It’s a little known fact of the small business world: people buy from people, not from websites. Interesting concept, right? You could have the nicest website in the world with the most interesting design, content and feel. It could have valuable information, a great call to action, and an updated blog. All of those things matter tremendously, but people won’t buy from your website. They’ll buy from you.
So what does that mean, exactly? How do people buy from you if they have to physically go to a website to check everything out and to actually purchase an item? It means that you need to develop and maintain your brand’s personality, and one of the biggest and fastest ways to do that is to take to social media. Barack Obama can use Twitter, and you can too.
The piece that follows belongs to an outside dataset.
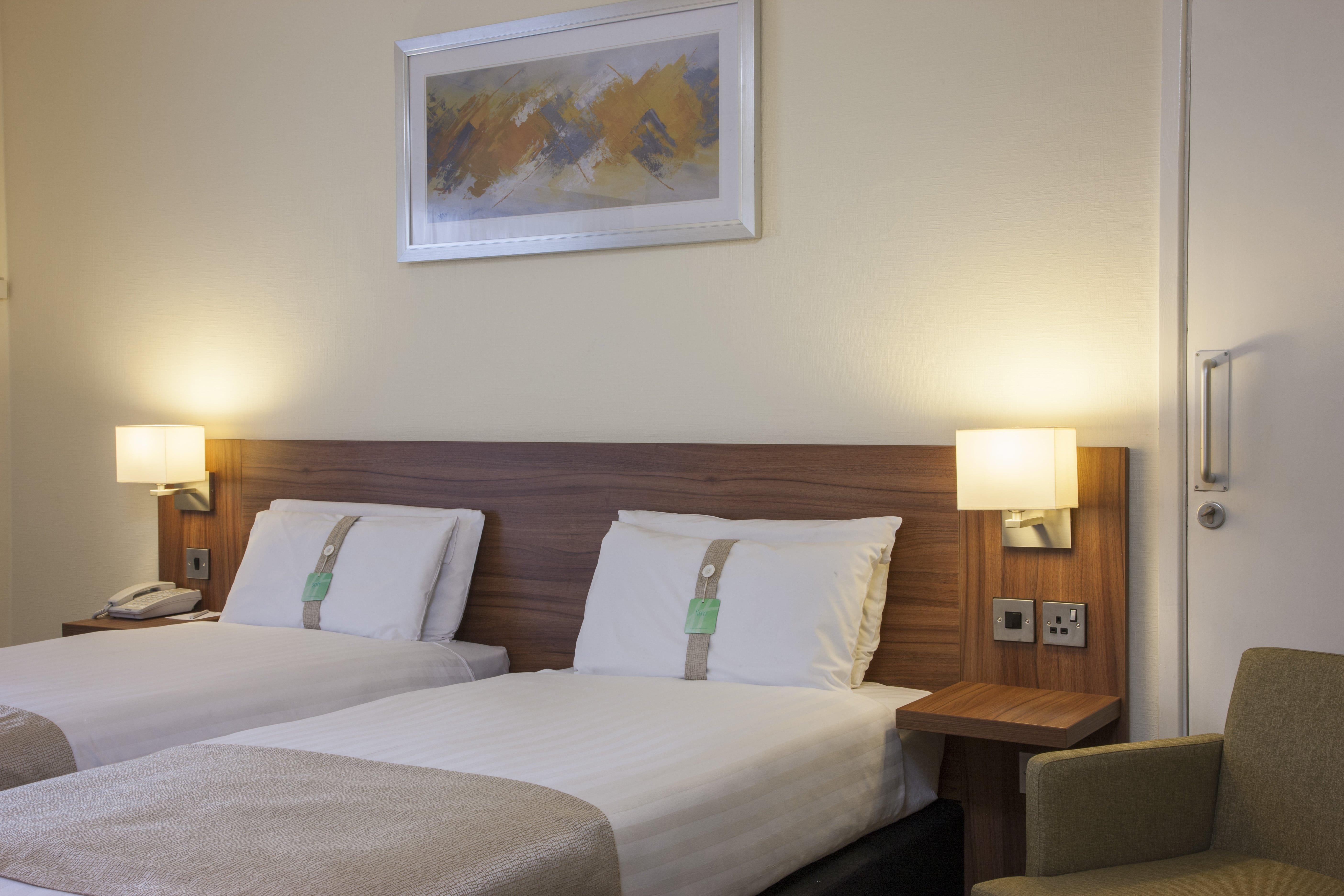 Holiday Inn Colchester By Ihg Εξωτερικό φωτογραφία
Social Media Can Help If You Put the Work In
No one likes extra work on their plate, but no one likes their business failing, either. Although social media requires a non-trivial amount of extra work, it’s worth it when you get right down to it. One of the most important ways to put work into social media is by building your audience. This doesn’t just mean building your numbers, although that’s important, too. It’s all about building an audience that actually has an interest in your product or service. While just gathering followers in the first place often results in in some activity among the people who like, follow, or read your social media pages, the higher activity rates happen when you make sure that the majority of the people who follow you are people who are legitimately interested in your company. This can take longer than just going out and finding likes, but it’s worth it in the long run.
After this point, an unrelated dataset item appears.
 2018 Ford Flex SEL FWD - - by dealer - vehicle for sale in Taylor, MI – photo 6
The easiest way to do this is to figure out who your audience is and set clear marketing goals on all the social media channels you use and expect to build audiences on, such as G+, Twitter and Facebook.
Social Media Can Connect You to New Clients and Other Helpful People
While social media is great because you can use it to sell to new clients and build a new fan base of people who like your company and talk about it, you may also wind up meeting new connections and new friends with whom you can network. Sometimes, people will simply drop you a message if they want to team up and do business with you. Sometimes this includes a partnership, and sometimes it just means inviting you to an event that’s happening locally. If you weren’t on social media in the first place, you’d never get these opportunities.
And Finally, Social Media Helps You Find Your Voice – and Your “Feel”
When you start writing for social media, one of the most important things is that you define yourself and your voice off the bat. This voice should be consistent across all of your channels so that people always know what they’re going to get, even if they are interacting with you on G+ today instead of LinkedIn. This “voice” will help you develop your company personality, which means that more people will start to relate to you. Relating is good – people who relate to a brand are 67% more likely to buy from it, studies show.
Overall, social media can do a lot of things for you by helping you build an audience, find new connections, and define what your business persona is. All of this means more money in your pocket in the long run, so social media involvement – even when it’s hard work – is worth it.